# STORED DATA
* * *

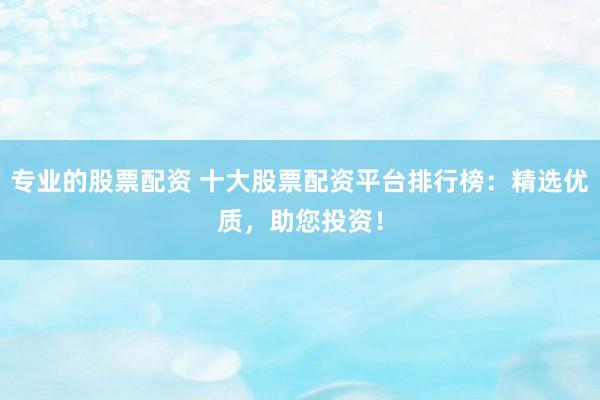 专业的股票配资 十大股票配资平台排行榜：精选优质，助您投资！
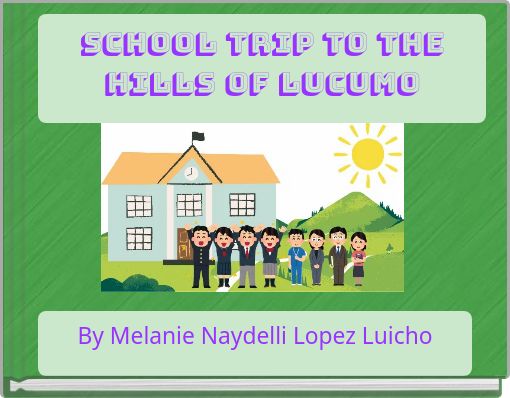 School trip to the hills of Lucumo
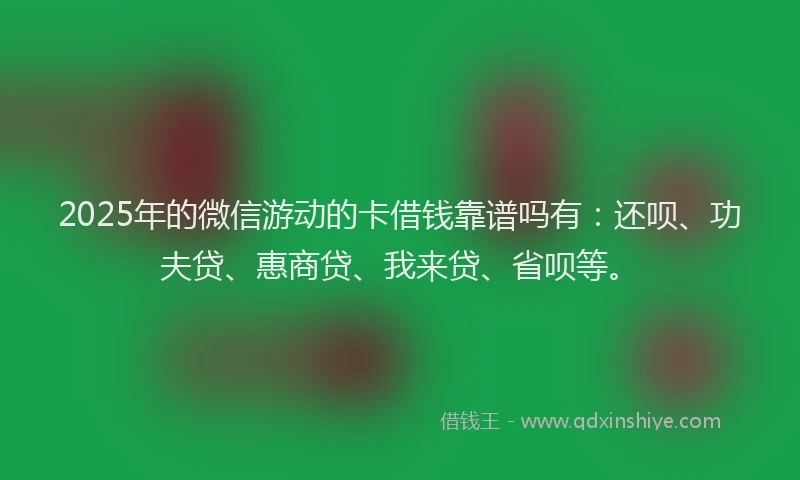 2025年的微信游动的卡借钱靠谱吗有：还呗、功夫贷、惠商贷、我来贷、省呗等。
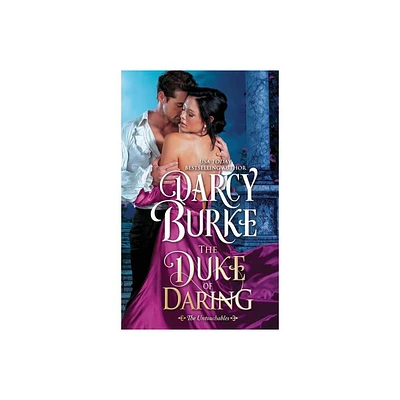 The Duke of Daring - (Untouchables) by Darcy Burke (Paperback)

* * *

# WHAT IS REQUIRED
The result is an exact copy of the lines from the one holding "School trip to the hills of Lucumo" through the final line of the data above, both ends included, minus the pictures.

# TASK RESPONSE
 School trip to the hills of Lucumo
 2025年的微信游动的卡借钱靠谱吗有：还呗、功夫贷、惠商贷、我来贷、省呗等。
 The Duke of Daring - (Untouchables) by Darcy Burke (Paperback)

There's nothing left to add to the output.